Lumps of mozzarella melt into telefono strings. Photo: Steven Richter
It’s love of pasta that keeps bringing me back to Sfoglia. I had wandered into the tiny storefront cater corner from the 92nd Street Y after a gig in 2006, alerted by a fan of Ron and Colleen Suhanoskys’ Nantucket Inn. Though amused by the uptown whimsy of country cottage airs on Lexington Avenue - unmatched tables, flour sack wall hangings and farm tools illuminated by pink glass chandeliers from Murano - and excited by Colleen’s unusual, startlingly delicious bread, I studied the menu with my typical show-me armor. Spaghetti with San Marzano tomatoes and strawberry definitely made me wary. Then I tasted. How exciting to be wrong. The tang of the fruit and balsamic vinegar was a revelation.
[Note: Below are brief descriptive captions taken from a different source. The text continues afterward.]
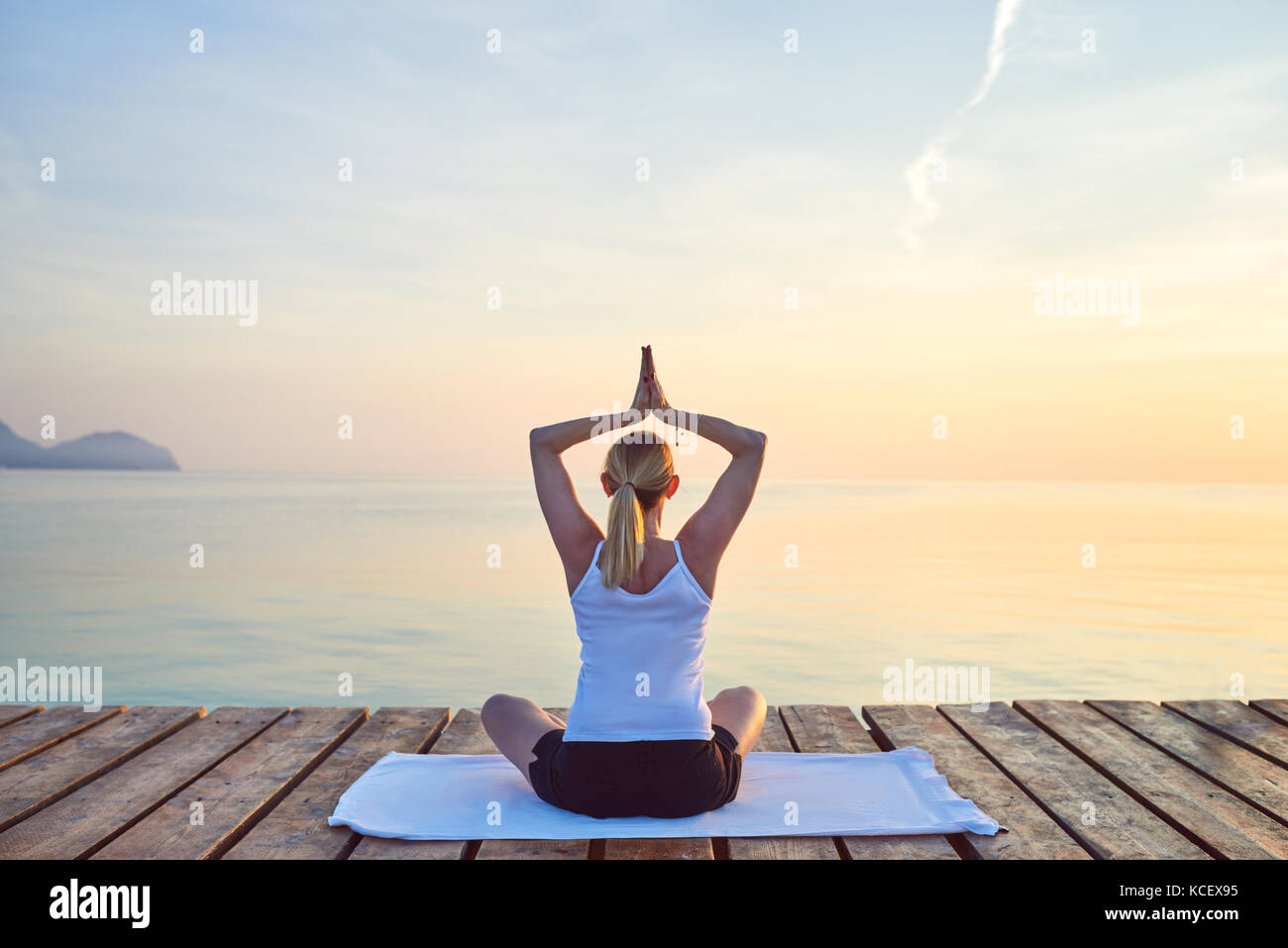 Ansicht der Rückseite des junge Frau saß auf dem Handtuch Üben Yoga von Meer bei Sonnenuntergang Stockfoto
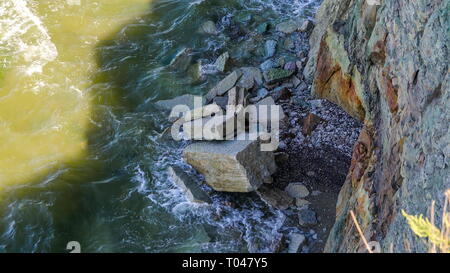 Big and small rocks found on the shoreline of the cliff in Paldiski with the waves splashing from the sea and seen the cliff from above Stock Photo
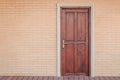 Front view vintage brown wooden door on red brick wall. Royalty Free Stock Photo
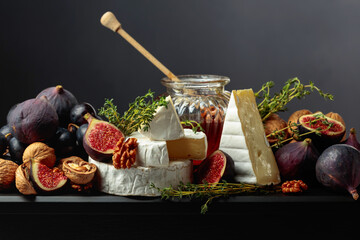 Camembert cheese with fruits and honey on a black background.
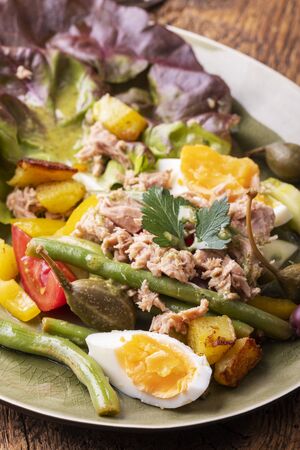 closeup of salade nicoise on dark woodの写真素材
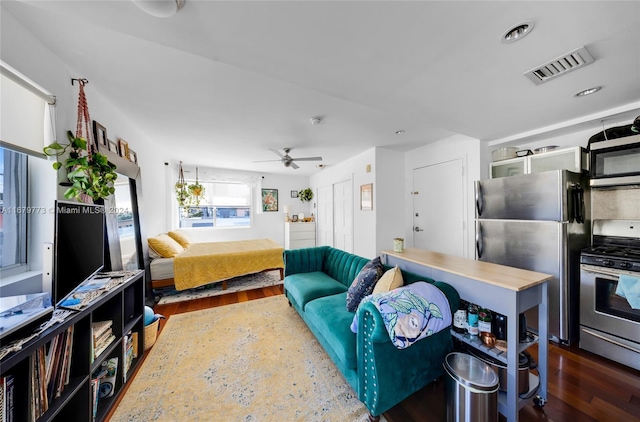 bedroom with stainless steel fridge, ceiling fan, and dark hardwood / wood-style floors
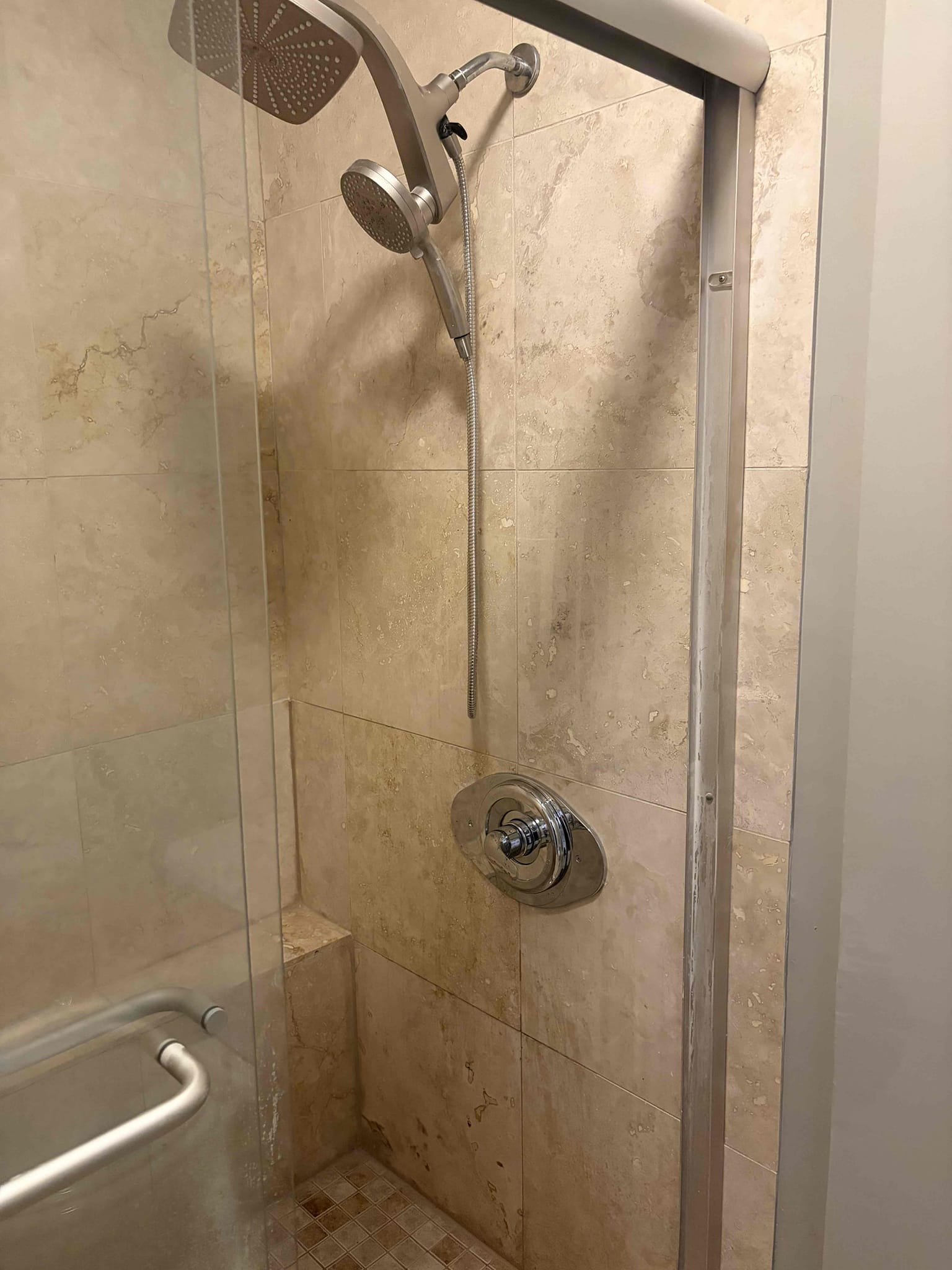 Upon arrival customer had a shower valve the was seized up and was hard to pull in and out and could not get old cartridge out. Called property manager gave them price to replace shower valve with cutting access in the front with tile. Customer approved estimate. Cut tile to create access from the front, installed new delta shower valve with rescuing plate. Also installed new trim kit. Tested system, System is working with no leaks upon departure.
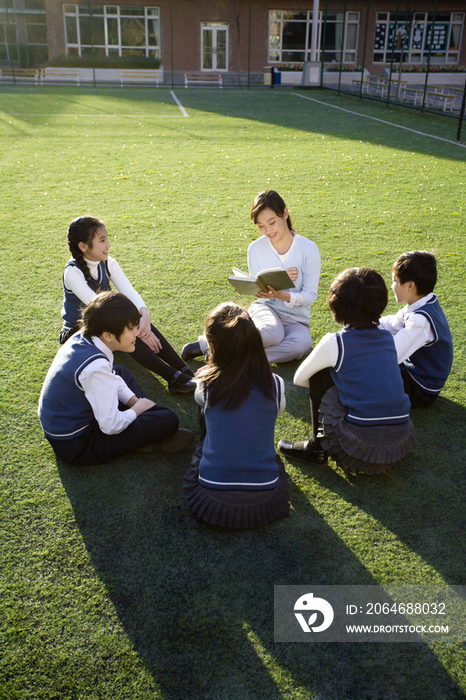 小学生在草地上围着老师学习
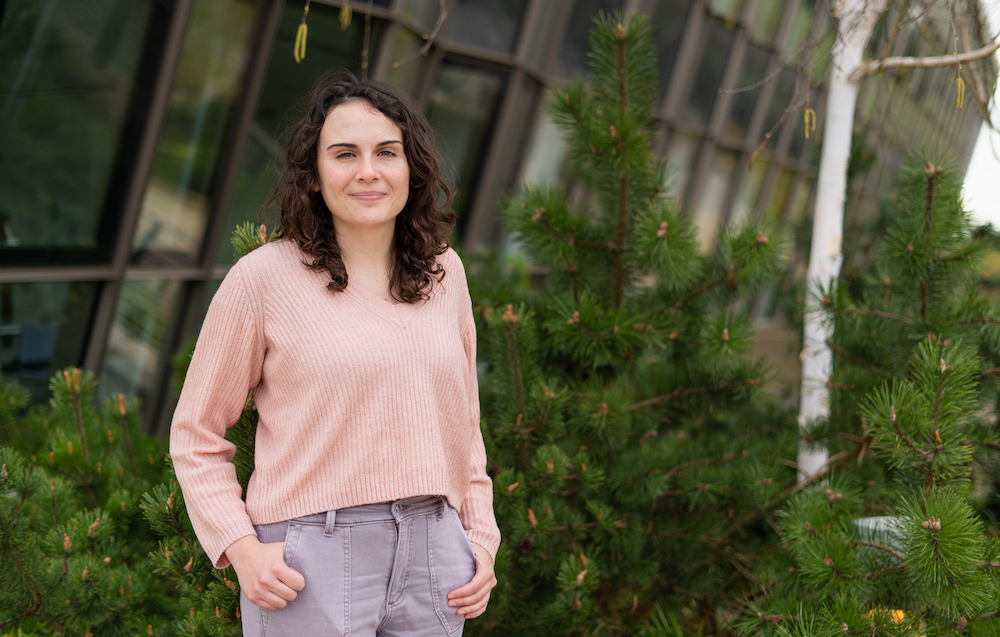 Woman standing in front of hedge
Risotto tossed with corn, lobster, summer squash and peppers. Photo: Steven Richter
After my first rave, other critics came and loved it too and the house began booking a month, even two months ahead. I counted myself lucky to get in on someone’s cancellation, eager to try the latest vegetable riff – string beans in tuna sauce, bitter rapini with black olive pesto, roasted treviso with apricots and rosemary in balsamic. Of course I might succumb to black bass on a bed of puntarelle or a perfection of monkfish I can never forget, the chicken al mattone (crisped under a heavy weight) or sweet and hot sausages with roasted plums. But more likely I would not resist the latest variation in gnocchi. Sweet potato gnocchi with drowned prunes and a dizzingly rich baked goat cheese gnocchi alla parmigiana are two that haunt me. And I was bowled over one evening by monkfish-ricotta “meatballs” with pepperoncini on linguine.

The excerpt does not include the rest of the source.